## Task item
Retype each entry. Leave every word as it is.

## Source material

'''

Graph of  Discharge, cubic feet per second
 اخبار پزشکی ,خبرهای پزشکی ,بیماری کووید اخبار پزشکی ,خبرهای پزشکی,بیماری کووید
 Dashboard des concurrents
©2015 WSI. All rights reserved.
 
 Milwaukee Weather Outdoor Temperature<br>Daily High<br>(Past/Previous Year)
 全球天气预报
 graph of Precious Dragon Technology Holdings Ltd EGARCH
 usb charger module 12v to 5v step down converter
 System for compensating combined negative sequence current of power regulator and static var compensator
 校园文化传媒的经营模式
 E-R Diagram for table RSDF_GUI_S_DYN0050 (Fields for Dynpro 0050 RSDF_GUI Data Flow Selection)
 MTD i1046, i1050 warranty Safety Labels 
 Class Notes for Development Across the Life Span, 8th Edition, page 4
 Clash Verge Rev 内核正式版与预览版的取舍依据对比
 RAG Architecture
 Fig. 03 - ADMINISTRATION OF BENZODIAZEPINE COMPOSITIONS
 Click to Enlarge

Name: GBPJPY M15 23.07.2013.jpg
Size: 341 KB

'''

## Completed exercise
Graph of  Discharge, cubic feet per second
 اخبار پزشکی ,خبرهای پزشکی ,بیماری کووید اخبار پزشکی ,خبرهای پزشکی,بیماری کووید
 Dashboard des concurrents
©2015 WSI. All rights reserved.
 
 Milwaukee Weather Outdoor Temperature<br>Daily High<br>(Past/Previous Year)
 全球天气预报
 graph of Precious Dragon Technology Holdings Ltd EGARCH
 usb charger module 12v to 5v step down converter
 System for compensating combined negative sequence current of power regulator and static var compensator
 校园文化传媒的经营模式
 E-R Diagram for table RSDF_GUI_S_DYN0050 (Fields for Dynpro 0050 RSDF_GUI Data Flow Selection)
 MTD i1046, i1050 warranty Safety Labels 
 Class Notes for Development Across the Life Span, 8th Edition, page 4
 Clash Verge Rev 内核正式版与预览版的取舍依据对比
 RAG Architecture
 Fig. 03 - ADMINISTRATION OF BENZODIAZEPINE COMPOSITIONS
 Click to Enlarge

Name: GBPJPY M15 23.07.2013.jpg
Size: 341 KB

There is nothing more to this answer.